Икра, семга, колбаса — купленные; грибы, рыжики — свои, деревенские.
— Милости просим закусить, Федор Платоныч! водочки! — приглашает матушка.
— Не откажусь-с.
Жених подходит к судку с водкой, несколько секунд как бы раздумывает и, наконец, сряду выпивает три рюмки, приговаривая:
— Первая — коло̀м, вторая — соколо̀м, третья — мелкими пташечками! Для сварения желудка-с. Будьте здоровы, господа! Барышня! — обращается он к сестрице, — осчастливьте! соорудите бутербродец с икрой вашими прекрасными ручками!
— Что ж, если Федору Платонычу это сделает удовольствие… — разрешает матушка.
Стриженый мгновенно проглатывает тартинку и снова направляется к водке.
— Не будет ли? — предваряет его матушка.
— Виноват. Забылся-с.
Говоря это, он имеет вид человека, который нес кусок в рот, и у него по дороге отняли его.
— Прекрасная икра! превосходная! — поправляется он, — может быть, впрочем, от того она так вкусна, что оне своими ручками резали. А где, сударыня, покупаете?
— Не знаю, в лавке где-нибудь человек купил.
— Почем-с?
— Рублик за фунт. Дорога̀.
— Дорогонько-с. Я восемь гривен плачу на монетном дворе. Очень хороша икра.
— Сёмужки, Федор Платоныч?
— Не откажусь-с. Да-с, так вы, Василий Порфирыч, изволили говорить, что в газетах комету предвещают?
— Да пишут.
— Это к набору-с. Всегда так бывает: как комета — непременно набор.
Жених косится на водку и наконец не выдерживает… Матушка, впрочем, уж не препятствует ему, и он вновь проглатывает две рюмки.
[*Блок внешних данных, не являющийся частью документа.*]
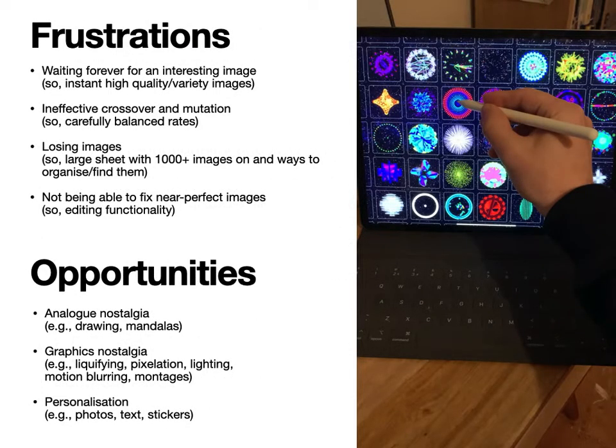I'll briefly cover the frustrations with evolutionary art. The first is that it often takes forever for an interesting image to appear through crossover and mutation, so Art Done Quick has the ability to instantly produce high-quality, varied images. Another frustration is when you cross over or mutate a parent and the child looks nothing like the parent, or vice versa the child looks exactly like it — so I've carefully balanced mutation and crossover rates so that appropriate progress feels like it's being made.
Все замечают, что он слегка осовел. Беспрерывно вытирает платком глаза и распяливает их пальцами, чтоб лучше видеть. Разговор заминается; матушка спешит сократить «вечерок», тем более что часы уже показывают одиннадцатый в исходе.
— Кто там! — кличет она прислугу, — уберите водку! Приказание это служит сигналом. Стриженый щелкает шпорами и, сопровождаемый гостеприимными хозяевами, ретируется в переднюю.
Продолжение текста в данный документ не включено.